If you do however, you will be sweetly rewarded. Not only do squats build muscle in your legs, but they also help you strengthen your mental endurance. Push yourself through a grueling set of heavy squats, and you’ll soon find that other exercises feel much easier.

Squats teach you to push through the highest level of fatigue without giving up, which you can then apply to other moves in your workout program. Work up to your one-rep max, and you’ll find yourself lifting heavier weights for other muscle groups in no time!

2. Superior Core Strength

When you think of the main muscles worked during the squat, you’re probably thinking of your quads, hamstrings and glutes. But don’t forget about your core.

With every squat you perform, your core is contracting very intensely to support the weight. You’ll find that you can gain more core strength from a few sets of heavy squats than you can from other ab-focused exercises.

Maintaining a strong core is important for all-around fitness performance, as well as for reducing your risk of back pain over the long term. If you have a weak core, you’re inviting back problems, which may take you away from your workout plan for good.
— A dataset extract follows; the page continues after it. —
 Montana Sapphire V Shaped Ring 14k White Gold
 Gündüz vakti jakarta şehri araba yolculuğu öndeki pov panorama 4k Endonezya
Everyone should be taking steps to build a stronger core and back, because when this area of the body becomes injured, it can be a very long and slow road to recovery – if you ever recover.

3. Improved Flexibility

As you begin to train for squats, you’re going to have to start improving your flexibility through yoga, foam rolling, static stretches and proper warmup routines. Doing a full squat requires a certain level of mobility in the hips, along with flexibility in the ankles and calves.

With limited mobility in those areas, you simply will not perform the exercise correctly. The good news is that if you can’t do a full squat when you first start, don’t give up. The act of squatting on a weekly basis can help improve your mobility and flexibility.  Soon enough, you’ll be able to easily perform a deep squat. And as flexibility improves, it will transfer over to exercises like lunges and deadlifts.

4. Enhanced CNS Activation

Finally, the squat will also train your body to improve its overall capacity for central nervous system (CNS) activation. Because the squat is such an intense movement that recruits so many muscle fibers, each rep you do requires a full-body focus. Your brain must learn how to activate almost every muscle fiber in your system and contract as hard as possible in order to lift up the weight.

It’s a much different experience than doing a leg extension or a bicep curl. The more adept you become at activating your CNS and all the target muscle fibers, the stronger you’ll become on other lifts, as well.

For instance, it wouldn’t be surprising to see your bench press increase after a good jump in your squat performance.

Don’t overlook the power of this exercise – both for your lower body as well as your overall performance. Squats are one of the best weight-lifting movements you could possibly do. If you aren’t taking the time to learn how to execute them properly and add them to your workout routine, now is definitely the time to start.